Published Jun 7, 2024 4:47 PM by The Maritime Executive

 

The Ukrainian Sea Ports Authority is highlighting that in the nine months since the sea corridor was opened, they have largely restored prewar volumes and continue to work to expand the range of cargoes handled. This has come despite the repeated attacks by Russian forces on the seaports and the country’s infrastructure.

May volumes surpassed 8 million tonnes versus 7.7 million that transited the corridor in April. Year-to-date they are saying between 45 and 50 million tonnes of cargo have been moved, which is nearly twice the 2023 levels when primarily grains were moving. In the first four months of the corridor, they moved just over 4 million tonnes.

“Given the favorable security situation, we aim to reach the average pre-war level of cargo turnover,” the port authority said in a statement reviewing monthly volumes and the overall progress. They noted this was a significant advancement and steady progress is being made since the Joseph Schulte became the first vessel to depart on August 16, 2023.  As of May 2024, they are reporting over 1,700 vessels have been handled and the traffic volume continues to build.

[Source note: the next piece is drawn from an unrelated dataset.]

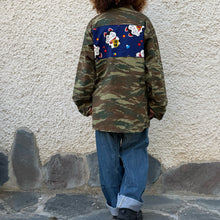 Load image into Gallery viewer, Giacca Military/Workwear Reworked – Pezzo Unico con Patch Giapponesi Vintage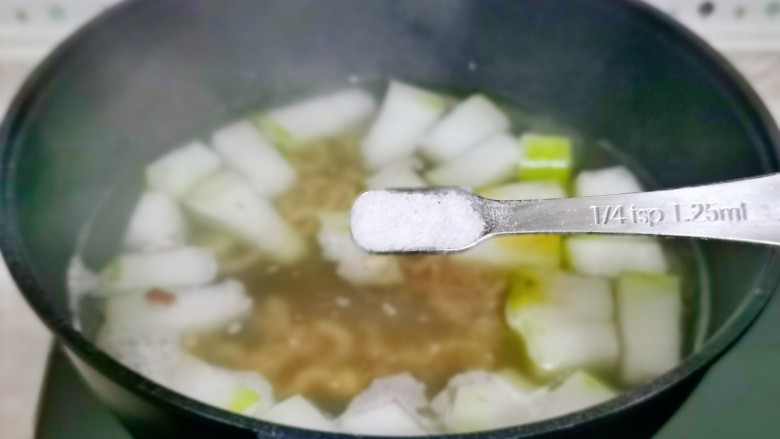 冬瓜虾米汤,按个人口味加入盐，盖上盖子煮熟。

Ukraine remains the top exporter of agricultural products according to the port authority. In April, they said grains made up 6.3 million tons of the cargo versus a total of 9.9 million tonnes of cargo through all the seaports, including inland ports. 

Starting in April, the Turkish company Akkon launched the feeder service for containers between Chornomorsk and Constanta, Romania. The success of that operation led to the restoration of services by both Hapag-Lloyd and now Maersk, which is also discontinuing its barge service via the Danube. MSC Mediterranean Shipping is now expected to also resume service in mid-June. They are planning to sail directly from the Odesa area to Turkey, marking a further expansion of service from Ukraine.

So far, they are reporting that 10 containerships have been handled. The Turkish companies are using general cargo ships outfitted for the boxes while the first dedicated containerships later returned to the Black Sea ports. The service for Maersk is being operated with vessels of a capacity of 1,100 TEU.

Port officials said they remain focused on resuming the container operations. They are hoping to restore more direct container service beyond the feeders operating to Romania. They are also now looking to restart ferry operations.